What Ridiculous Things We Could Ask of Each Other Over Time
I put off reading Jeffrey Schultz’s What Ridiculous Things We Could Ask of Each Other for a good three months. I propped it up on my desk and looked at it a lot, though. I studied the 1915 line drawing by George Grosz on its cover, titled Riot of the Madmen. It’s unclear whether the madmen have descended upon the town or are its usual inmates: One dangles a terrified woman from a two-dimensional window; others charge through the streets with canes and hatchets. Knowing that Grosz worked in Germany during WWI makes the drawing’s connection to war unavoidable. Only a book that attempts to look at social cruelty square in its maw would have rape, murder, and war pressed flat on its cover. And I am a coward. Reading the news and sorting through an inbox full of social change petitions make me feel ill most days. A book that looks ready to enumerate yet more ways the world sucks right now inspires procrastination.
And yet, after actually reading Schultz’s poems, that tension between procrastination and facing cruelty head-on seems to be part of the point. What I took at first to be a question in the title: “What things could we ask of each other?” instead reveals itself to be a compendium. These poems contain possibilities and observations, askings and responses. They gesture towards infinite moments of requests and multiplicities of answers. These poems scope out a world through its continuities of radios, kitchen tables, morning coffee with subpar rolls, cars with subwoofers, cancerous off gasses, chemical coatings, and auras of substations. They offer us, refreshingly, images of a world not obsessed with the digital, grounded instead in electrical, sensory perceptions. Life in these poems operates in proximity to air conditioners, laptops, and radios, but not within them.
“Power Outage, Fresno, California, August 10, 1996” in particular gives us people physically slammed by summer heat and then dazed by the slight coolness and unaccustomed quiet of a blackout dusk,
Cooler, finally, outside than in, everyone’s laid out broken
On the stoop with half-warmed beers or sun tea and what’s left
of the ice, or else they wander in dazed pairs on the older,
Tree-lined streets. There isn’t a single siren or gunshot,
not the rattle of a distant argument or an air conditioner’s hum.

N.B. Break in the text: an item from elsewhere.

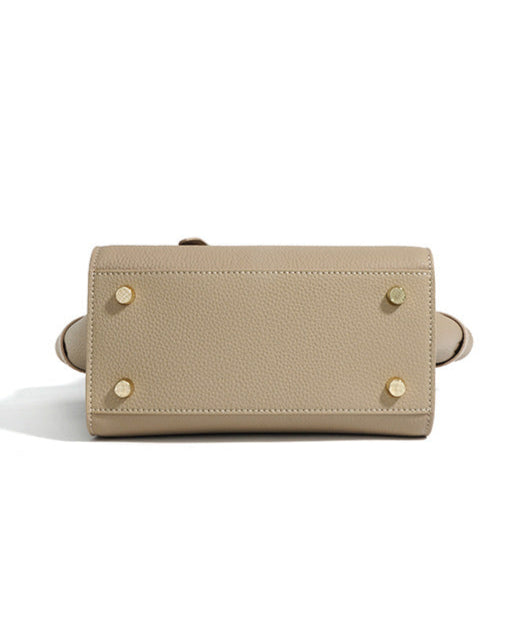 حقيبة يد جلدية منظمة بحزام بإبزيم – أميليافيل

These people are damaged, “broken” and “dazed,” by their circumstances, yet they have contact with each other in the unusual malfunction of their routines. Schultz narrates this evening in which he is young, unknowingly walking with his future wife and innocent of the bureaucratic drudgery of his future. The poem ends with a meditation on our intense, human experience of the present moment, its satisfying enormity,
It’s absolutely everything charged into absolutely
nothing more than the dulled, relentless fever
Of now, which presses so hard we can’t help but feel filled.
I read What Ridiculous Things We Could Ask of Each Other the first time lying in bed on a rainy midwinter morning when it seemed likely that it would never again be possible to read by daylight without supplemental lamps. The next time that I read back through the book, pausing and lingering over poems for a second or third time, the students in my morning English 101 class were sleepily, albeit good-naturedly, bent over a peer response activity. As I type this, it’s Saturday afternoon and there’s a bluer sky than anyone has a right to expect during a Pacific Northwest March. Sometimes things progress unexpectedly, and unexpectedly beautifully, for no particular reason. In “The Soul as Episode in the Supermarket,” Schultz writes about his soul ascending irrepressibly upward and outward in the middle of the mundane, ersatz signifiers of a grocery store, in the middle of the “plasticized recreation” of the meat department and “piped-in thunderclaps” of Produce. Schultz reports,
He’s in the esophagus, a talon lodged
in the trachea. I grin like an idiot, ready to buckle at the knees.
Sometimes the unexpectedly beautiful is sudden and unavoidable. But even then we have to acknowledge that beauty and progressions don’t make up for what has gone wrong in the world. “Weekday’s Apocalyptic” posits for us the “undocumented workers,” “terrified mothers,” and a figure of the world as a woman bleeding out in a bathtub, her mind drifting somewhere between resignation and defiance. Even among horrors, Schultz seems to be saying with these poems, a soul’s joys are absurd and implacable.
What Ridiculous Things We Could Ask of Each Other, published in 2014 by the University of Georgia Press, is Jeffrey Schultz’s first collection. His poems have appeared in Boston Review, Missouri Review, Prairie Schooner, Poetry, and other journals including the Bellingham Review. He has received the “Discovery”/Boston Review prize and a Ruth Lilly Fellowship from the Poetry Foundation. Schultz teaches at Pepperdine University in Los Angeles.
KATELYN KENDERISH is a poet and MFA student at Western Washington University. She is a poetry editor for the Bellingham Review.